Exercise instructions: Every line from the start of the data through the line containing "Get The Games" should be retyped exactly; the pictures should not.

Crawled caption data
--

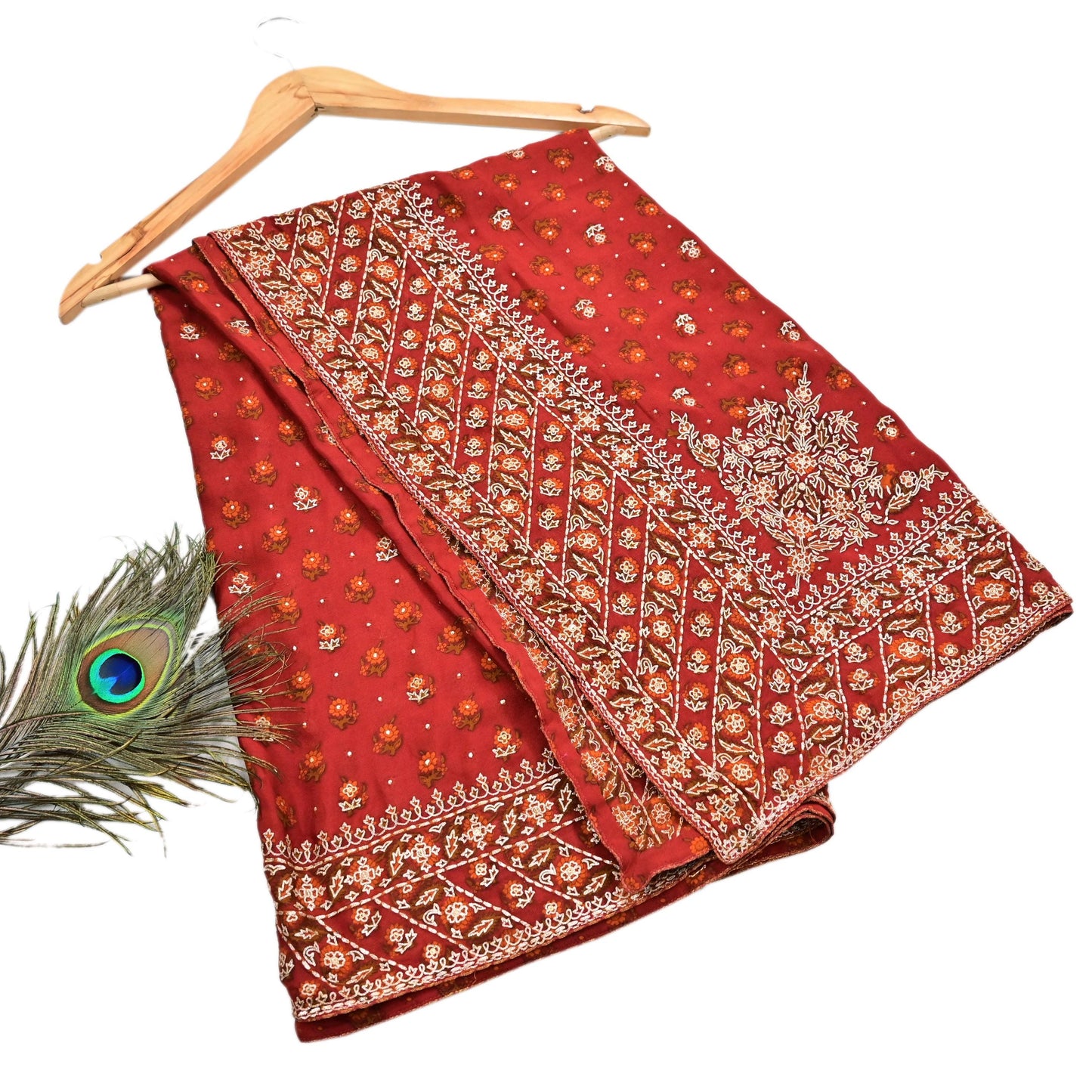 Indian Vintage Heavy Rusty Dupatta Pure Silk Long Stole Hand Embroidered Designer By Ritu Kumar Scarves Scarf Zari Zardozi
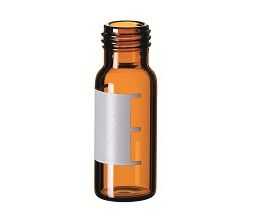 Altmann Analytik ND9 1,5ml Kurzgewindeflasche, 32x11,6mm, Braunglas, silanisiert, weite Öffnung, Schriftfeld/Füllmarkierungen, 10x100/Pkg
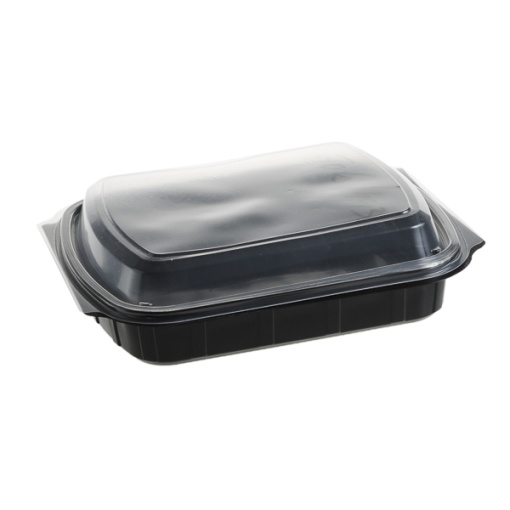 Caserole meniu 1 compartiment , PP, negru + Capac PP, transparent FT296 H40 , 236×205 mm, 50 buc/set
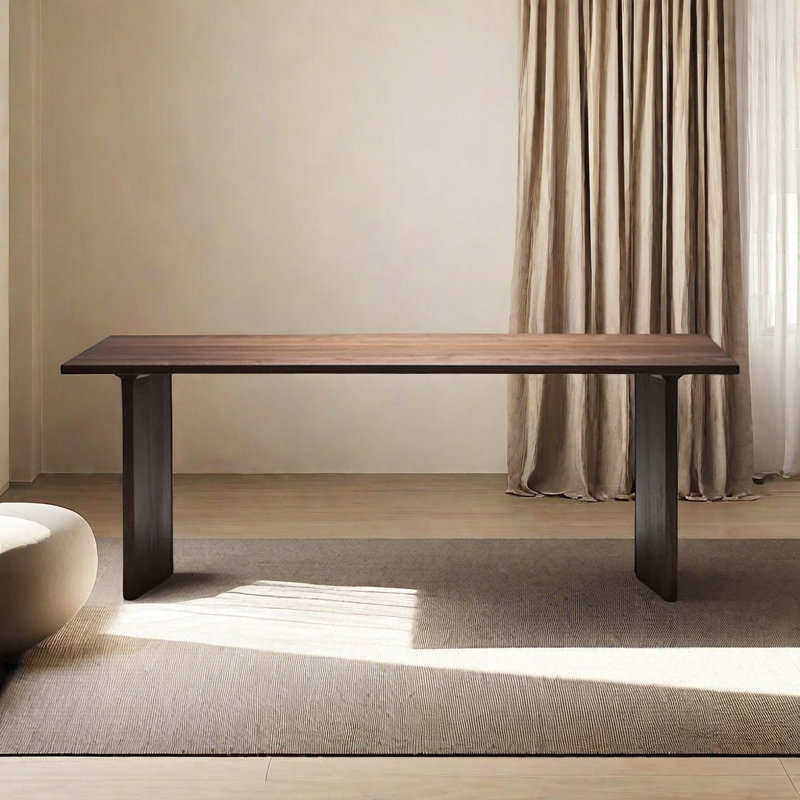 Jeneca Oak Solid Wood Dining Table, 27.55" W x 62.99" L
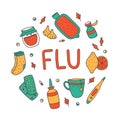Poster with set of flu treatments Royalty Free Stock Photo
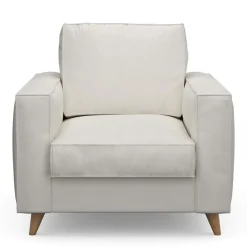Fauteuil Kendall, Alaskan White, Oxford Weave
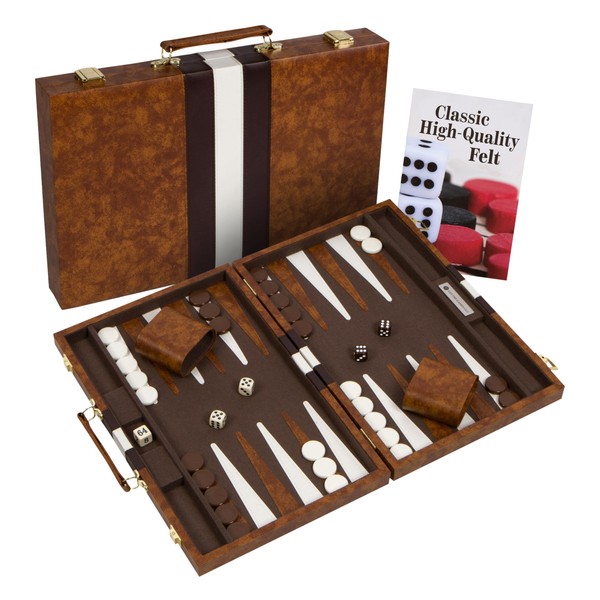 Get The Games Out Top Backgammon Set - Classic Board Game Case - Best Strategy & Tip Guide - Available in Small, Medium and Large Sizes (Brown, Large)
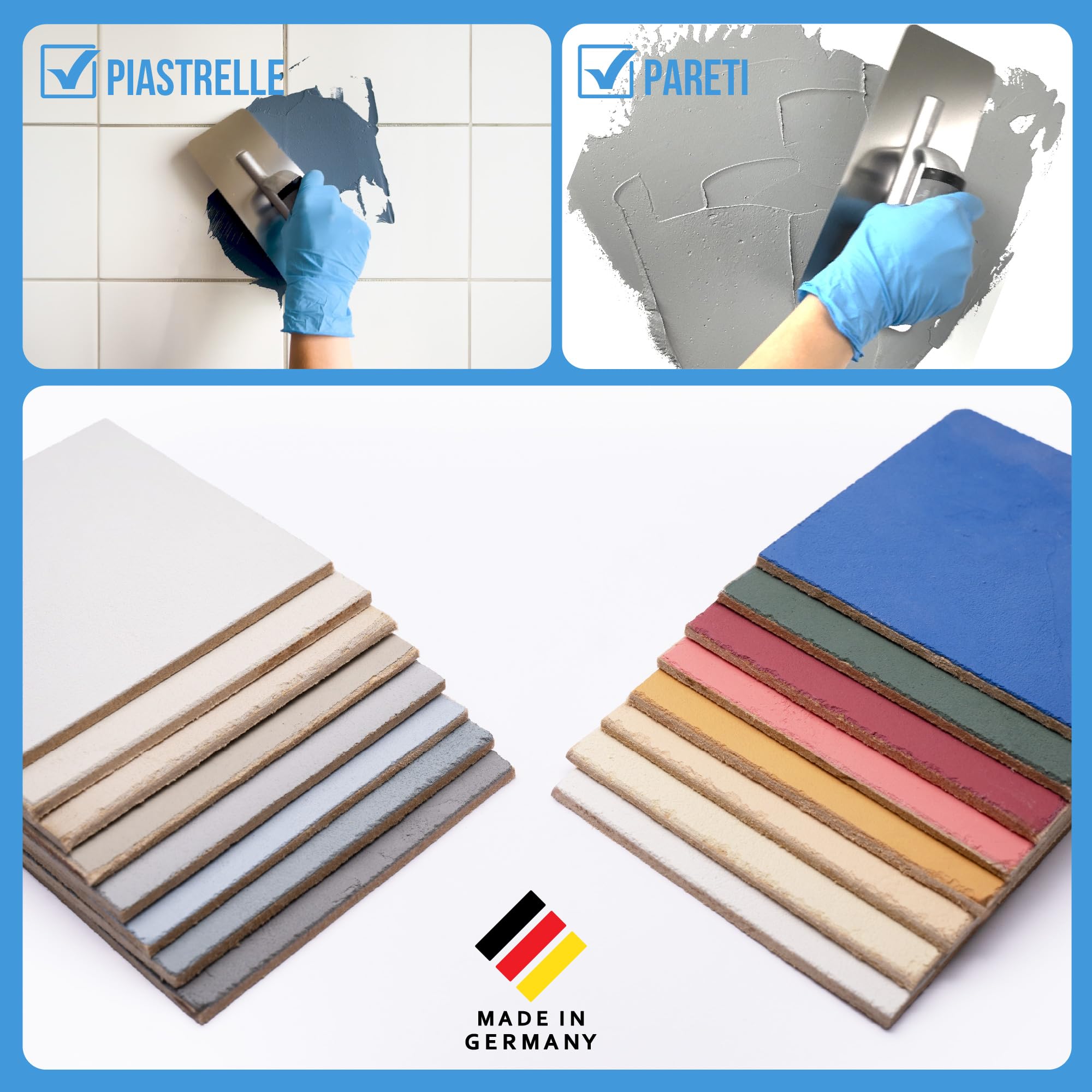 EPODEX CONCRETE EFFECT Stucco effetto cemento - Sand | Intonaco strutturato per pareti, piastrelle & altro - Interno & Esterno - 5 kg (5 m² - strato di 1 mm)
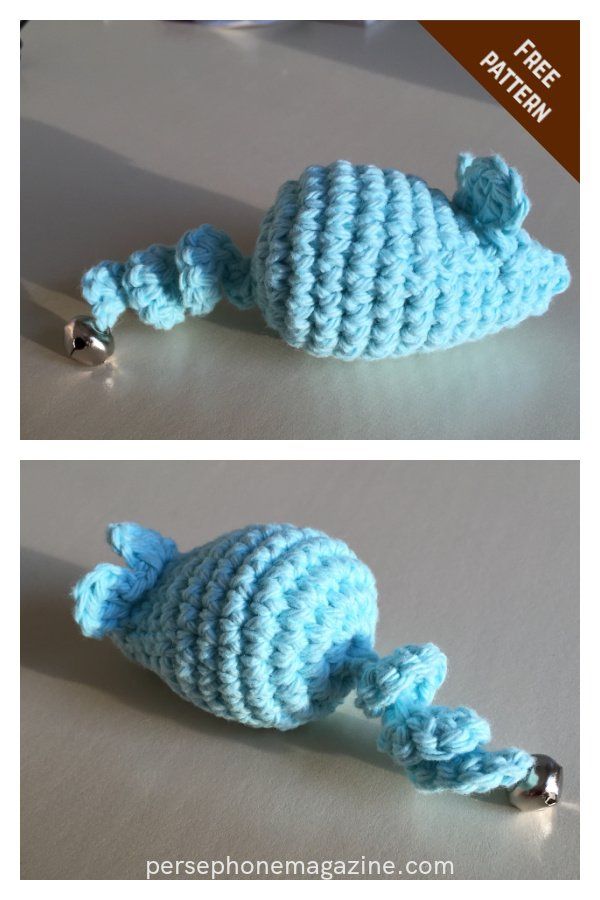 there are two pictures of a crocheted toy that is laying on the table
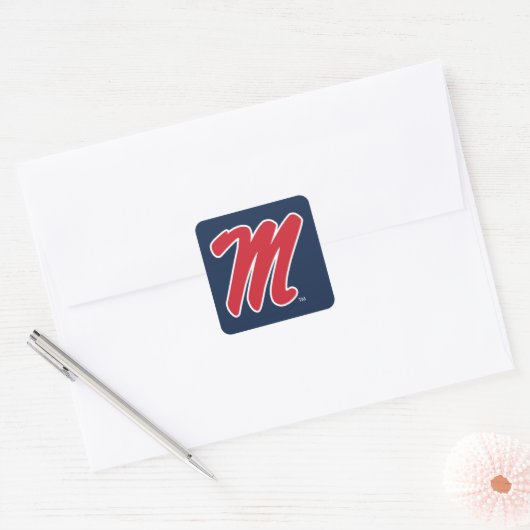 Universiteit van Mississippi | Script M Vierkante Sticker (Envelop)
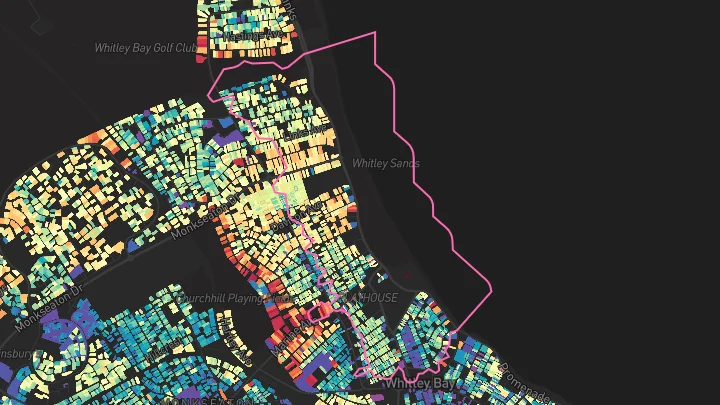 House price heatmap showing property values across Whitley Bay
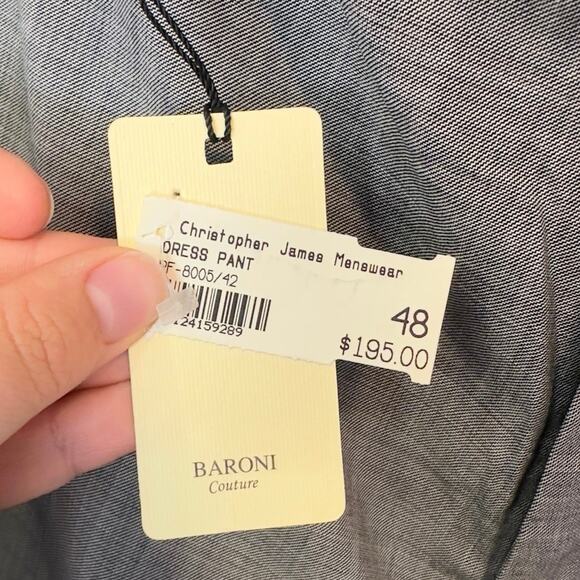 NWT Baroni Couture Men’s Unhemmed Dress Pants Size 48L Gray 100% Wool Office - Picture 5 of 8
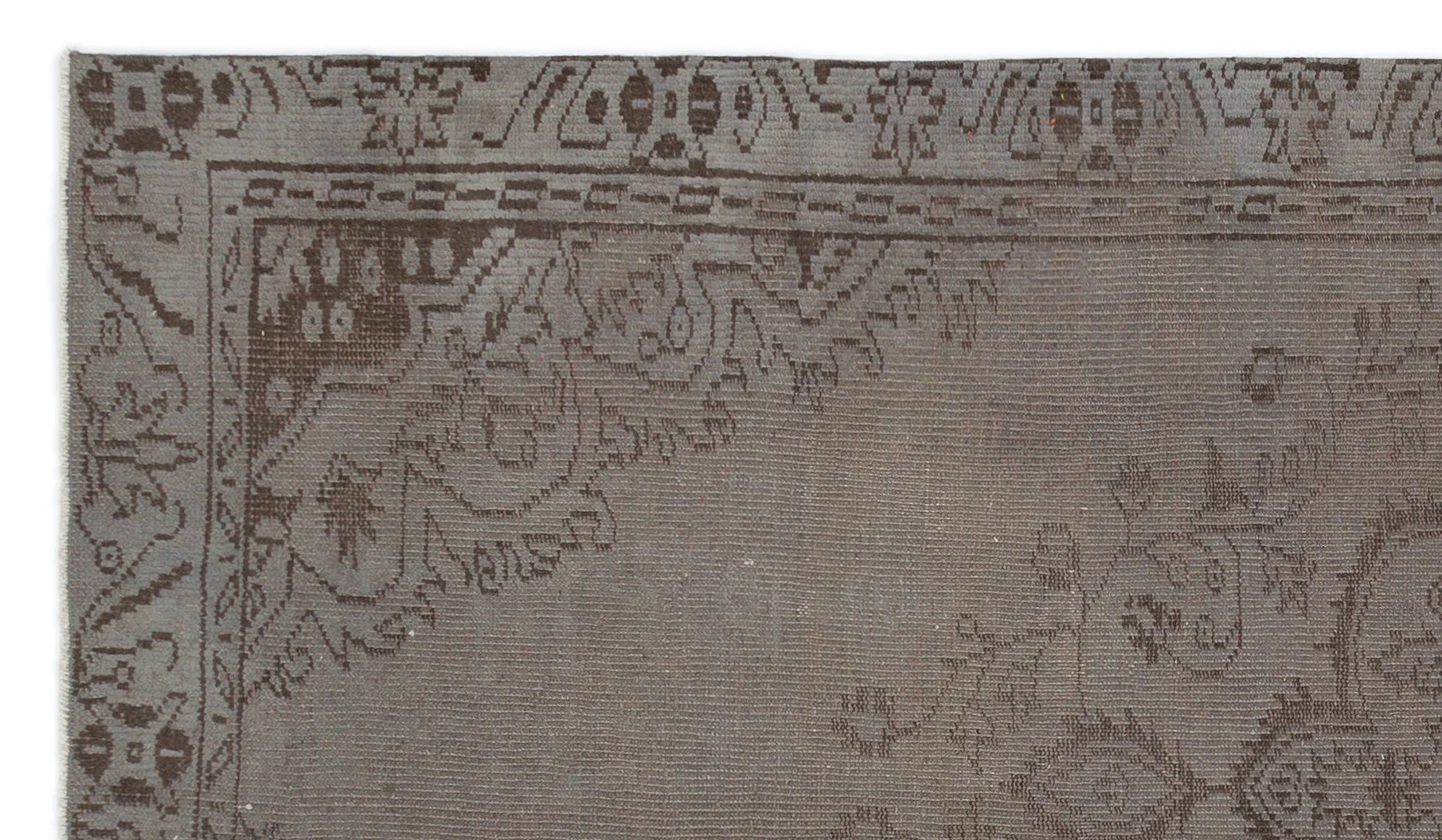 Gri Anadolu Klasik Madalyonlu Yün Halı 145x251 - Özel Seri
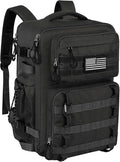 25L Military Tactical Bag Backpack for Men, Heavy Duty Molle Daypack 3 Day Bug Out Backpacks Molle Army Large Rucasack Travel Hiking With Bottle Holder (Black)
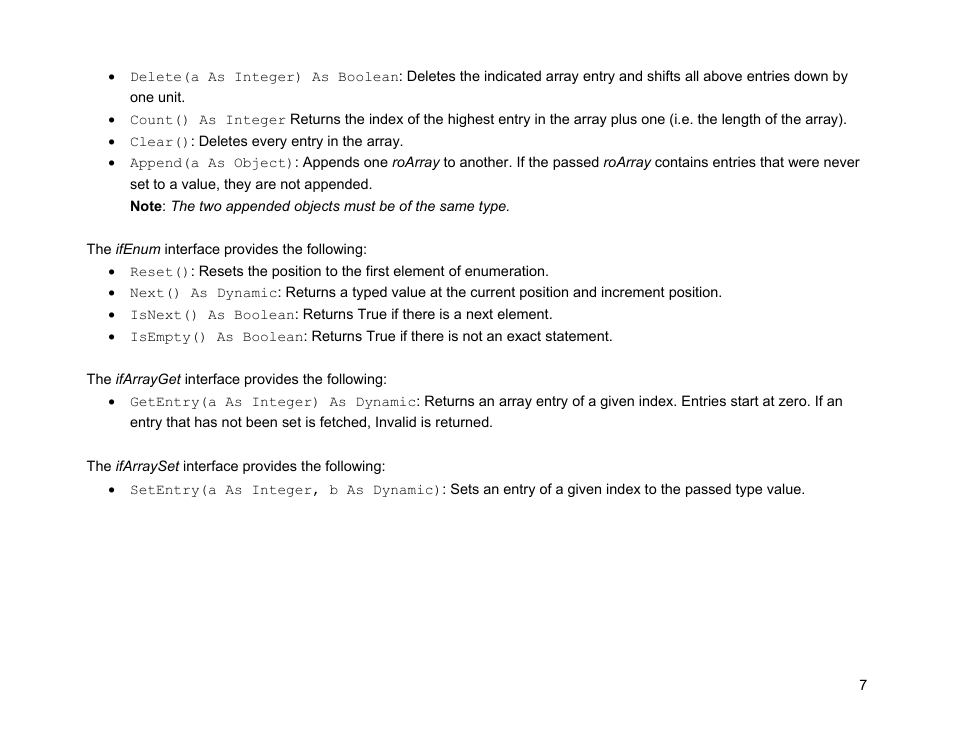 Ifenum, Ifarrayget, Ifarrayset | BrightSign Object Reference Manual (FW 5.1) User Manual | Page 15 / 341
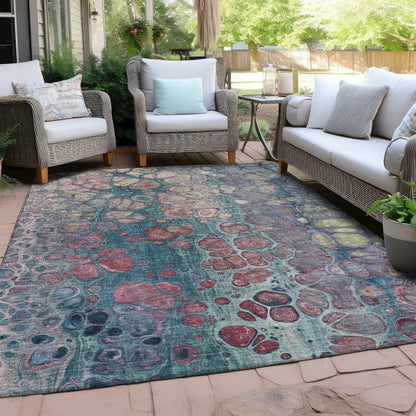 Machine Washable Indoor/Outdoor Chantille Teal 3' x 5' Rug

--

Problem solution:
 Indian Vintage Heavy Rusty Dupatta Pure Silk Long Stole Hand Embroidered Designer By Ritu Kumar Scarves Scarf Zari Zardozi
 Altmann Analytik ND9 1,5ml Kurzgewindeflasche, 32x11,6mm, Braunglas, silanisiert, weite Öffnung, Schriftfeld/Füllmarkierungen, 10x100/Pkg
 Caserole meniu 1 compartiment , PP, negru + Capac PP, transparent FT296 H40 , 236×205 mm, 50 buc/set
 Jeneca Oak Solid Wood Dining Table, 27.55" W x 62.99" L
Poster with set of flu treatments Royalty Free Stock Photo
Fauteuil Kendall, Alaskan White, Oxford Weave
 Get The Games Out Top Backgammon Set - Classic Board Game Case - Best Strategy & Tip Guide - Available in Small, Medium and Large Sizes (Brown, Large)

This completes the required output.